LMCache as a Publisher
kv_aware was designed against vLLM's native KV event stream, but LMCache also publishes the same events through vLLM/SGLang's ZMQ infrastructure. Same BlockStored payload (block_hashes, parent_block_hash, token_ids, block_size, lora_id), same transport, same --kv-events-config flag — plus an LMCache-side toggle:
enable_kv_events: true
pre_caching_hash_algorithm: sha256_cbor_64bit
The router doesn't need to care which side produced the event. Because the index updater re-hashes from token_ids with its own FNV-1a, both publishers land in the same hash space regardless of what pre_caching_hash_algorithm LMCache chose. So kv_aware works with vLLM-only deployments and with LMCache-augmented deployments out of the box.
There's one honest caveat. LMCache adds a medium field to the BlockStored payload — GPU, CPU, or disk — because it offloads cold blocks to host memory and spills to local NVMe. kv_aware v0.12.0 ignores that field and treats every cached block as equivalent. In practice this means: for a deployment running LMCache offload, the router will correctly identify which worker has the most cached prefix, but it will overestimate the wall-clock benefit when the prefix lives on CPU or disk rather than GPU HBM. The routing decision is still better than the alternatives — it just isn't as good as it could be. Medium-aware scoring is the next step (see below).
The other LMCache deployment note: when running multi-worker, use a non-default hash seed per worker to avoid duplicate event publication. The router's index dedupes (block_hash, worker) pairs, so duplicate events are harmless functionally — but a shared seed across workers can cause hash collisions across distinct content, which is a real routing bug. One seed per worker, set via vLLM's --kv-events-config, fixes it.
Rendezvous Hashing: A Better consistent_hash
The other notable v0.12.0 policy is rendezvous_hash — Highest Random Weight (HRW) hashing. Same session-affinity contract as consistent_hash (same headers, same fallback order: x-semantic-cluster-id → x-session-id → x-user-id → body fields → body hash), different math:
let selected = healthy_indices.iter().max_by_key(|&&idx| {
let candidate = format!("{}:{}", session_key, workers[idx].url());
fbi_hash(&candidate)
})?;
For each request, hash session_key + worker_url for every healthy worker and pick the highest. That's it. No ring data structure, no virtual nodes.
Two practical properties make this a better default than ring-based consistent hashing for inference workloads:
- More uniform distribution at low session counts. With 512 sessions and 3 workers, HRW has roughly 49% lower coefficient of variation than a 100-vnode consistent hash. Inference traffic is rarely web-scale millions-of-keys; you're often routing a few hundred concurrent conversations across a handful of GPU pods, and the ring's uneven distribution shows up.
- Minimal redistribution on worker change. When a worker is added or removed, only sessions that mapped to that worker move. With consistent hashing, neighboring keys on the ring also shift. The contract test in the repo asserts this: removing one of three workers moves at most a handful of the 300 test sessions (the ones that were on the removed worker), the rest stay put.
The trade-off is O(n) per request vs O(log n) for the ring. For typical deployments under 20 workers, the difference is in the noise.
What Else Shipped Between v0.8.0 and v0.12.0
The v0.9 → v0.11 releases are smaller, but worth a name-check since I haven't covered them:
- v0.9.0 — Multi-tenant API keys. Per-tenant
rate_limit_rps,max_concurrent,allowed_models(with wildcards), independent token buckets, hot reload viaPOST /admin/reload. Keys stored as SHA-256 hashes; plaintext never kept after init. Tenant name in/admin/decisionsand a newvllm_router_tenant_*Prometheus metric family. - v0.9.1 — Cache similarity in the response. The cosine similarity score from semantic cache lookups now leaks out as
x-vllm-router-cache-similarityand as avllm_router_cache_similarityhistogram.
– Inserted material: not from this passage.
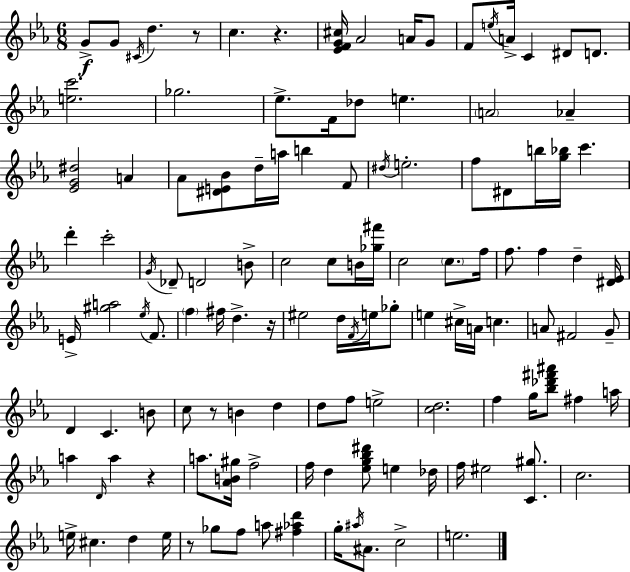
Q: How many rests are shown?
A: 6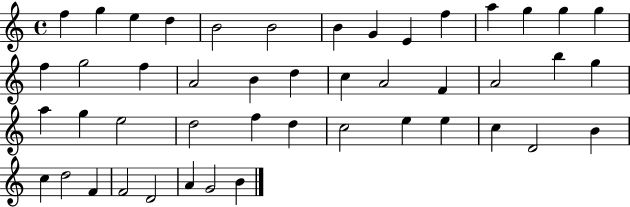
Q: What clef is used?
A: treble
Lets you tune similarity thresholds against real distributions instead of guessing. - v0.10.0 — Golden tests + tenant access checks for
/v1/messagesand/v1/responses. Two routes were skippingcheck_tenant_model_accesswhile/v1/chat/completions,/v1/completions, and/v1/embeddingswere enforcing it. Now they all do. The golden tests cover non-stream and streaming variants of every public route with mock workers. - v0.11.0 — Unix domain socket backends. Workers can be addressed as
unix:///path.sockinstead ofhttp://host:port. Eliminates local TCP overhead for same-host deployments and removes the need to expose vLLM ports. A transport-aware HTTP client pool routes each request to the rightreqwest::Clientbased on URL scheme. PD modes reject UDS at startup with a clear error — KV cache transfer needs a realhost:port.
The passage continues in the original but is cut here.